Answer: Colorado’s oil and gas companies are working to be more efficient before they even drill a well. Instead of purchasing oil and gas leases in a checkerboard fashion, they are now purchasing them so that they are contiguous to each other. This layout allows them to use centralized infrastructure, decrease the scale of water delivery and water collection, and use fewer drilling crews.
The advantages are fewer trucks, fewer air emissions, less disturbance of the environment and fewer traffic accidents. The biggest benefit is a reduction in costs. By concentrating the infrastructure for numerous wells in one place, costs go down.
One big concern about the development of oil shale is the emission of greenhouse gases from the operations. The industry knows that some methane is being released but it doesn’t know exactly how much. That’s why finding a way to gauge the leak and to find uses for that wasted methane is at the top of the agenda for energy researchers.
Q: Water is a scarce resource in Colorado. Are there breakthroughs in the future that will help producers be better stewards of the water they use and produce?
A: Water pollution and water recycling connected to fracking operations have been major hot-button issues in the state, so researchers are working with industry to come up with viable solutions.
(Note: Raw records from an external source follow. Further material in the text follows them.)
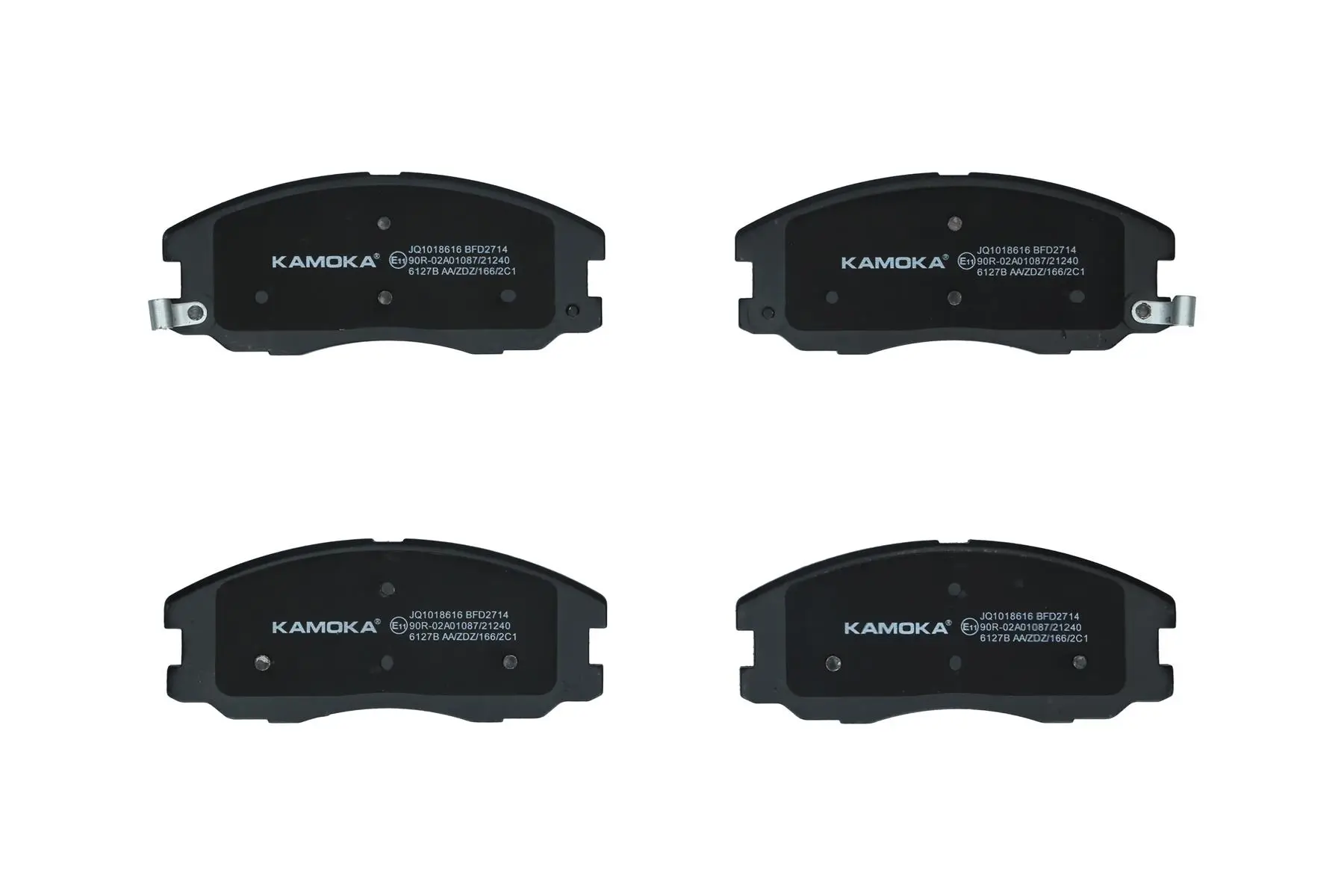 Bremsbelagsatz, Scheibenbremse Vorderachse KAMOKA JQ1018616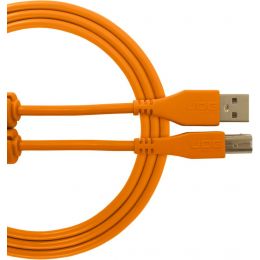 Аудиокабель UDG Ultimate Audio Cable USB 2.0 AB Orange Straight 2m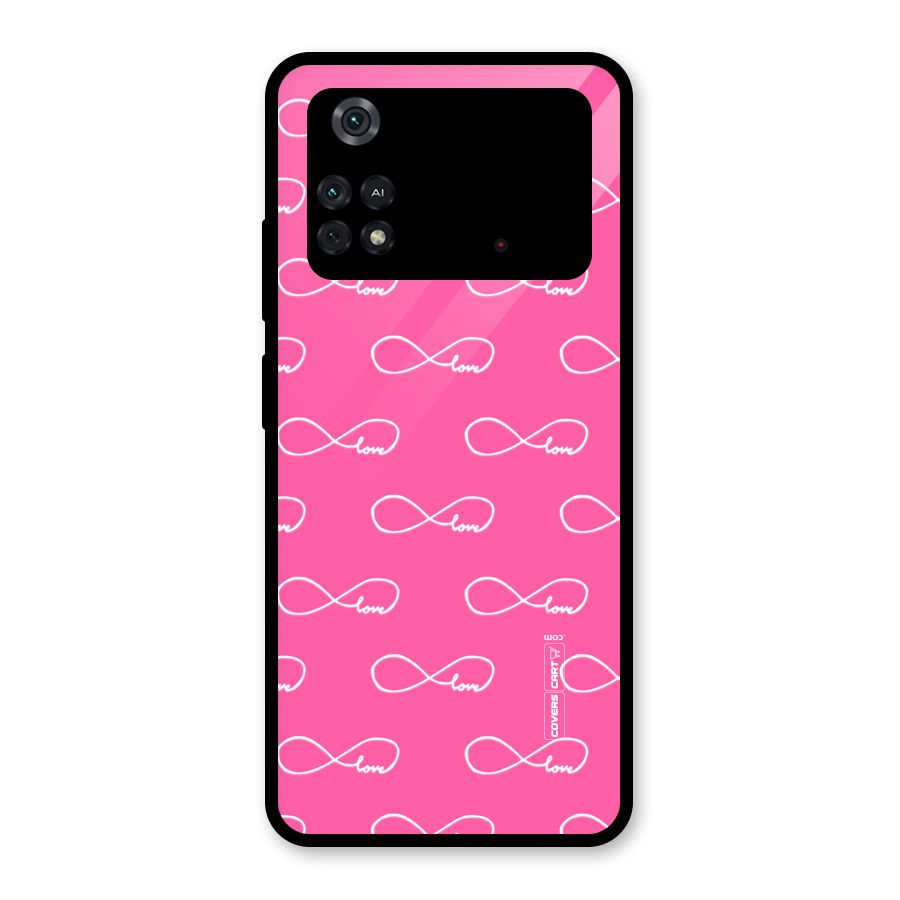 Infinity Love Glass Back Case for Poco M4 Pro 4G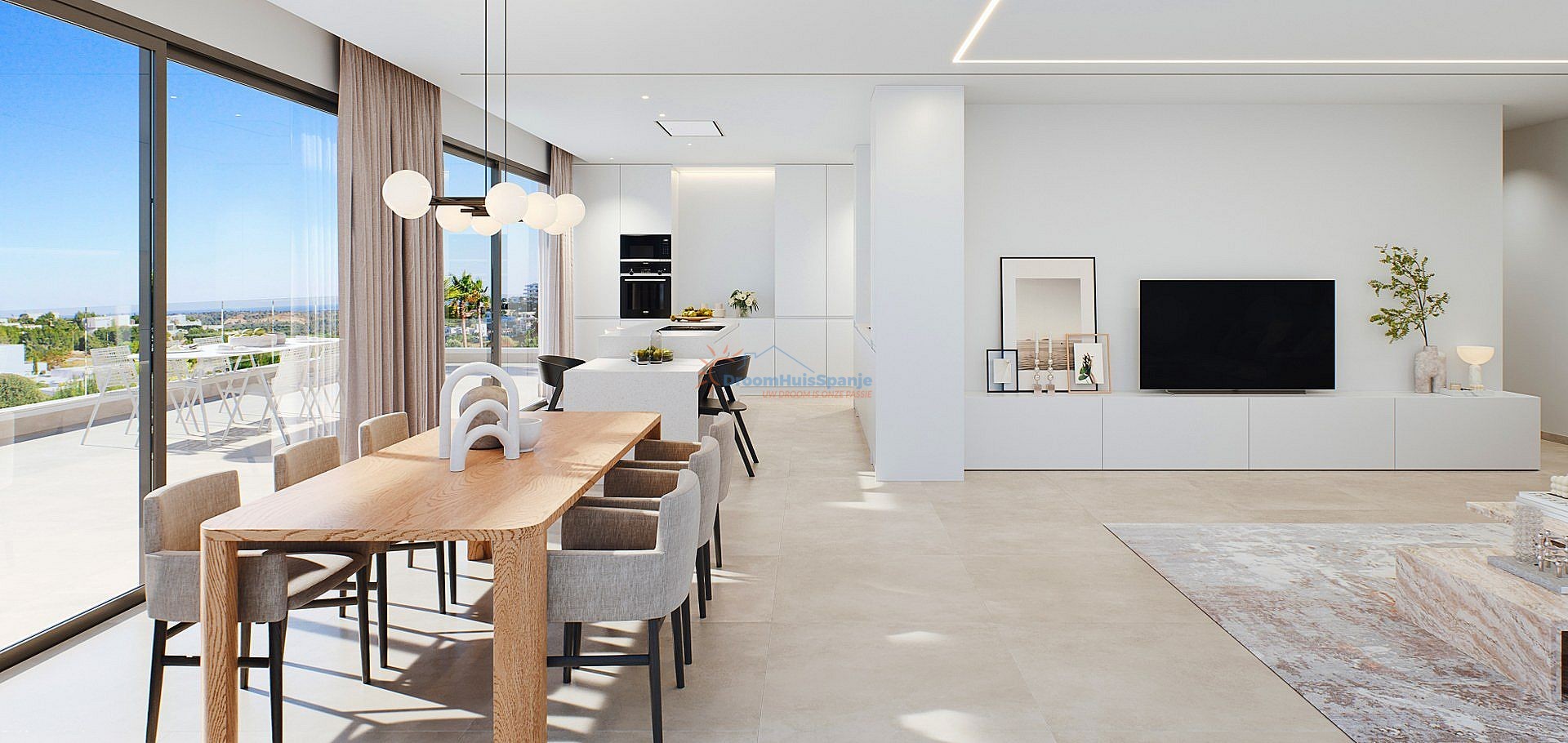 Penthouse in Las Colinas Golf Country Club - New build - DroomHuisSpanje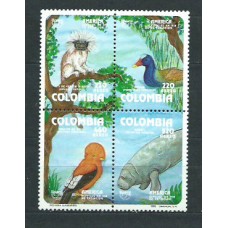 Colombia - Aereo 1993 Yvert 870/3 ** Mnh Upaep. Fauna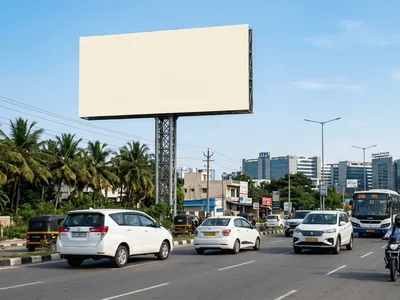 Bus Queue Shelter at Bus Shelter - Domlur Bengaluru, 30611, Bangalore — outdoor advertising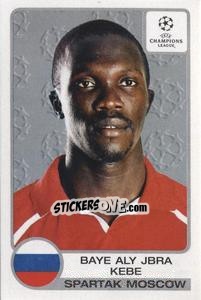 Sticker Baye Aly Jbra Kebe - UEFA Champions League 2001-2002 - Panini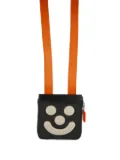 Walter Van Beirendonck Ghost leather wallet - Black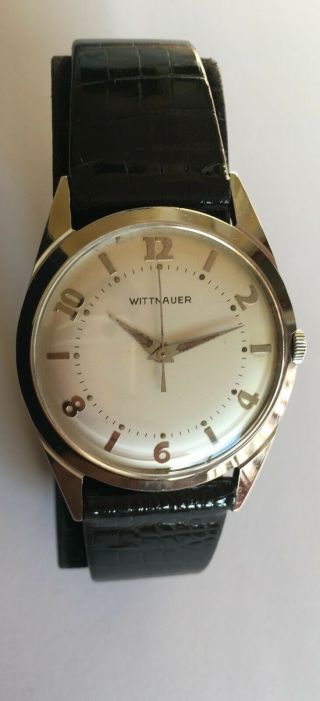 Vintage Longines Wittnauer Watch Swiss 17 Jewels Classic Dial Hand Winding Rare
The state of Colorado and the Colorado Oil & Gas Association are testing out a new system that will monitor groundwater contamination in real time.
We’re in the process of putting together a demonstration site that would install what we’re calling surrogate water monitors. They measure things in real time that are related to contamination from oil and gas operations, but not the actual contaminants themselves. This project will go into operation in Weld County this summer.
As far as what to do with all of the contaminated water that is produced as part of fracking operations, CSU is developing tools that would allow the industry to clean it up and release it back into the environment more efficiently. Our belief is that when we can do it more efficiently, they’ll be driven to do it. We’re trying to create a market incentive to recycle water, without regulation.
Q: Oil and gas companies are under tremendous pressure to reduce the impact of their vehicles. Can electric vehicles play a significant role yet?
A: Because electric vehicles won’t replace fossil fuel-powered ones in the near future, the challenge is to find ways to make these vehicles more efficient. CSU’s Engines and Energy Conversion Laboratory is working on a way to convert diesel engines to natural gas.
A lot of oil field operations, drilling and fracking engines are diesel. There’s a push to convert those to natural gas, the fuel that is there. Why not use the fuel that is there? It is cheaper and much better for the environment. Diesel has a lot of air contaminants, air emissions. It is more expensive and they have to bring it in, which means more truck traffic.
Q: Are there ways to use stable, consistent traditional fuels in tandem with the highly variable renewable resources, such as wind?
A: There are ways to pair natural gas resources with wind. Because wind energy is intermittent, it needs to be used with a fossil fuel that can be turned on and off quickly. Coal is not very nimble, but natural gas can fire up and dispatch quickly. We have several researchers working on how to integrate the two into the electric grid.